Чернокнижник (сборник) — страница 7 из 31

— Что есть истина?.. — полушутя сказал я.

— Вот, вот!.. — подхватил мой собеседник. — Одна только доподлинно великая книга и есть на свете — евангелие. Выше его уже никакие Канты не досягнут!

— Как же вы от босячества к евангелию перекатились?

— Чудо было, я вам уже сказывал… Революция меня на Хитровом рынке застала; повертелся я там некоторое время и к себе, в свой город, воротился. А за слободкой церковка у нас на отлете стоит над обрывом — может, еще круче он, чем здешний; по отвесу его тропочка петли петляет, к воде сбегает. Поп старый был, маленький, под стать церковке, да глухой — криком ему на ухо кричать надо было, чтобы услышал. Такой же и дьячок, тетерев красноглазый, жил. Обоим за полтораста лет было; службу начнут служить — потеха! Народу мало ходило, больше бабский пол присутствовал. Дьячок поет, а сам церкву метет. Один в алтаре возглашает — «и сподоби нас владыко», а другой сидит на корточках перед печкой, мешает в ней кочергой и козлом «иже херувимы» выводит; иной раз головешка попадется, примется колотить ее, да на всю церкву — «о, чтоб тебя разорвало» добавит.

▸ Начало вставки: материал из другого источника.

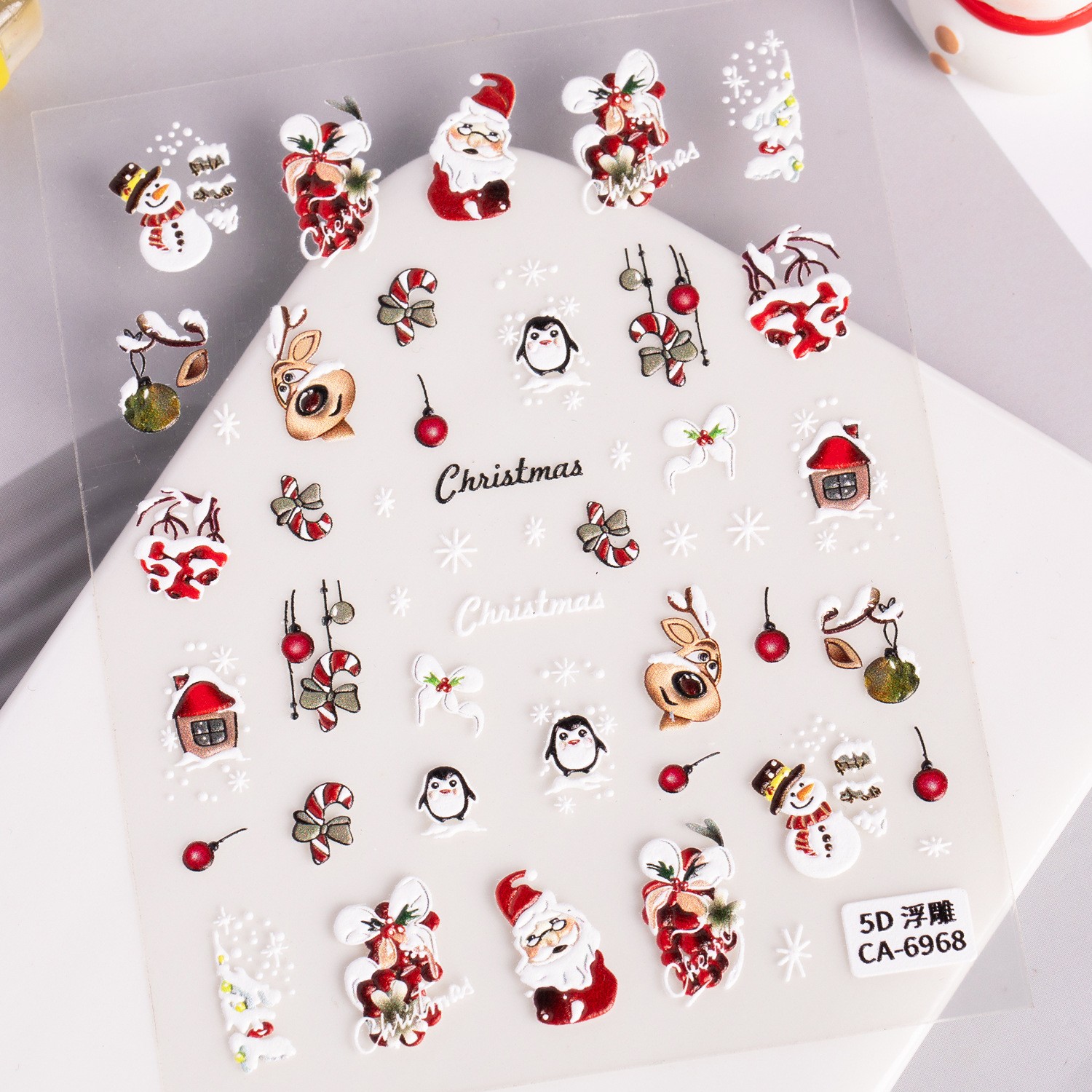 10Set Christmas Nail Stickers 5D Art DIY Manicure Decal Santa Snowman Xmas Decor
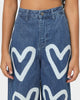 EN ES Women's I Heart You Baggy Jeans Light Blue Deni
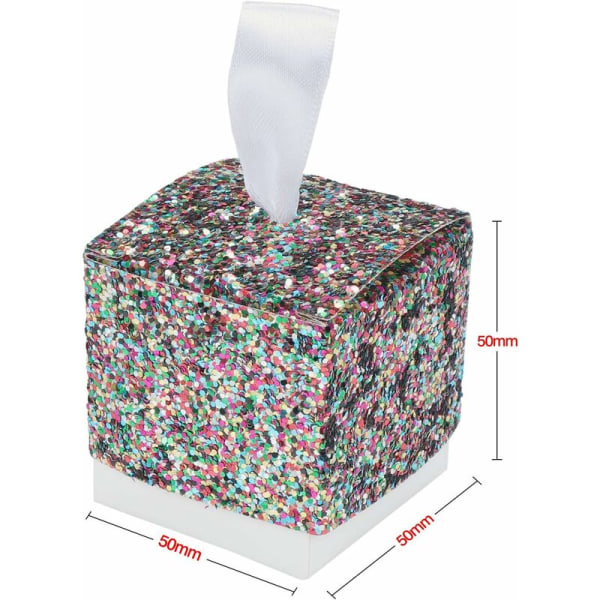 Fluffigt Pappersgodisask, Bröllop Fluffigt Presentask, Kreativ Pappersfestpresentask - Färgglad 25st - Fei Yu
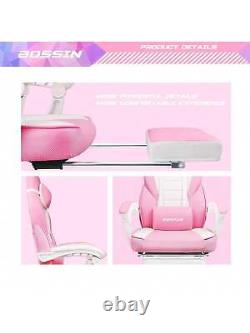 Gaming Chair With Massage, Ergonomic Heavy Duty Design, Gamer Chair Footrest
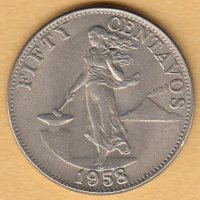 50 центаво 1958, Филипини, снимка 1 - Нумизматика и бонистика - 38500836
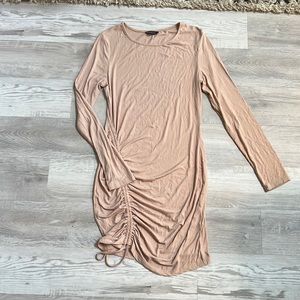 SHEIN Ribbed Long Sleeve Side Ruched Dress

Вдругорядь дьячок перегонит — отче наш поет, а батя в это время великий выход делает! Да тут же и поссорятся, чисто как дети! И смех и грех глядеть было!

— Как же их не убрали?.. — спросил я.

— А вот так и не трогали! Справедливость-то часто преступлением бывает. Прихожане очень их любили: вдовые оба старика были, бессребреники, рубаху последнюю у них попроси и ту отдали бы! А службу в каком порядке ни служи — она все той же останется: народ не на слова, а на человека смотрит! Жили они вместе в одном домишке — он неподалеку за церковью стоял. И куликнуть любили: по одной выпьют, глядишь, уж оба пьяненькие, сидят рядком, что воробушки, смеются либо из церковного вразброд поют.

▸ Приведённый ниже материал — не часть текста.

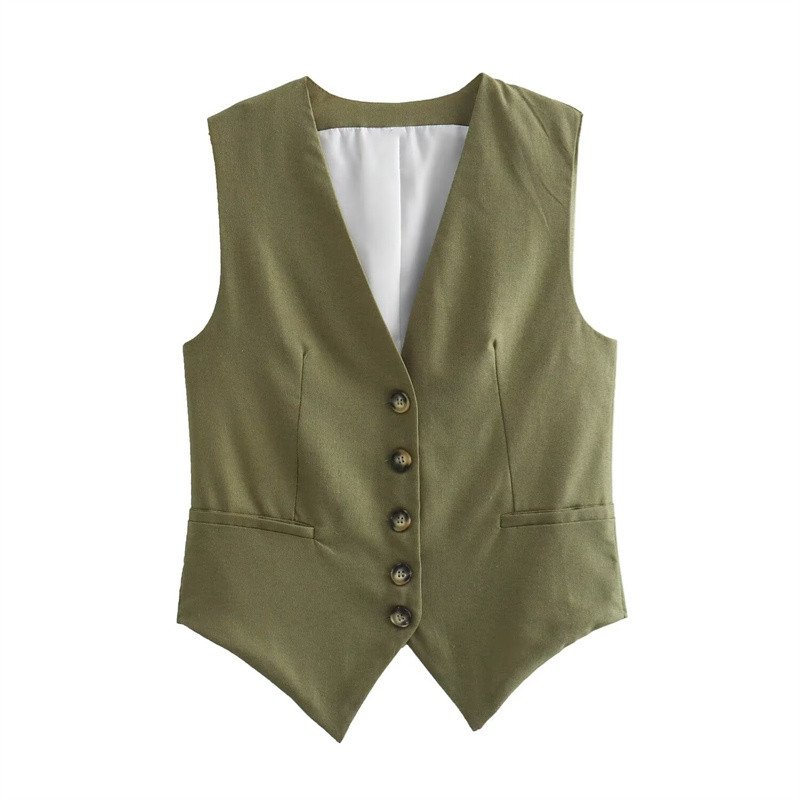 TAOP&ZA women's clothing 2024 summer new solid color simple vest temperament commuting pants solid color trousers casual pants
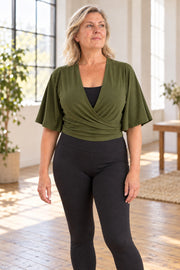 Bamboo Cotton Stretch Mudra Jacket Moss Green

Вот они-то и пригрели меня, сторожем взяли; семь лет я с ними и прожил. И что удивительно — они пили, а я у них от пьянства отстал: вошло в голову, что старичков своих я оберегать должон! И никуда бы я от них по сей день не ушел — очень уж свободно и хорошо было!.. Звон один на колокольне чего стоил — без молитвы им с Богом беседуешь! Ну, да судьба наша не от нас зависит; года три тому назад оборвалось это житье: прошел слух, что под самое Рождество Христово к нам комсомольцы сбираются пожаловать: антирелигиозный фронт в нашем городе развоевался! И так эта весть нашего отца Ивана встревожила, что и сказать нельзя: по ночам стал бредить — вскочит со сна и кричит благим теноришком: «Не допущу!., не допущу во храм!.. Изыдите, силы бесовские!» — До того доволновался, что слег, в жар впал, людей узнавать перестал и все рукой будто крест наперстный брал с груди, вперед его выставлял и «да воскреснет Бог» шептал.

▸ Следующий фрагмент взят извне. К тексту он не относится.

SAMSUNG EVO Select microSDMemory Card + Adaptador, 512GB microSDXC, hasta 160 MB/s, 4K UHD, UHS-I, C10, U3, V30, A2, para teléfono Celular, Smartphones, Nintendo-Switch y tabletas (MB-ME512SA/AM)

А в полдень сочельника как сорвется вдруг с постели — откуда и силы взялись, — глаза дикие, расширенные; хотел что-то сказать да вдруг поник головой и у нас на руках и повис: сразу кончился!

Добежал я до церкви, в колокол ударил по покойнику, люди сошлись, священника из города вызвали, все сделали и отслужили что надобно.

Остались в доме мы вдвоем с дьячком Ермилычем и с покойником… А уж на дворе сумерки пали, слободка огоньками обрызнулась. Слушаю я чтение, а на душе неспокойно — и отца Ивана жалко, и грызет что-то; все гостей непрошенных жду!.. А дьячок как угадал мою думу: поднял от евангелия лицо, очки оловянные отвел на лоб, усмехнулся эдак хитростно да и говорит: «Не допустит он, будь покоен!» и на покойника подмигнул. Так это мне чудно показалось, — думаю, уж в уме не повредился ли старик, не заговариваться ли стал?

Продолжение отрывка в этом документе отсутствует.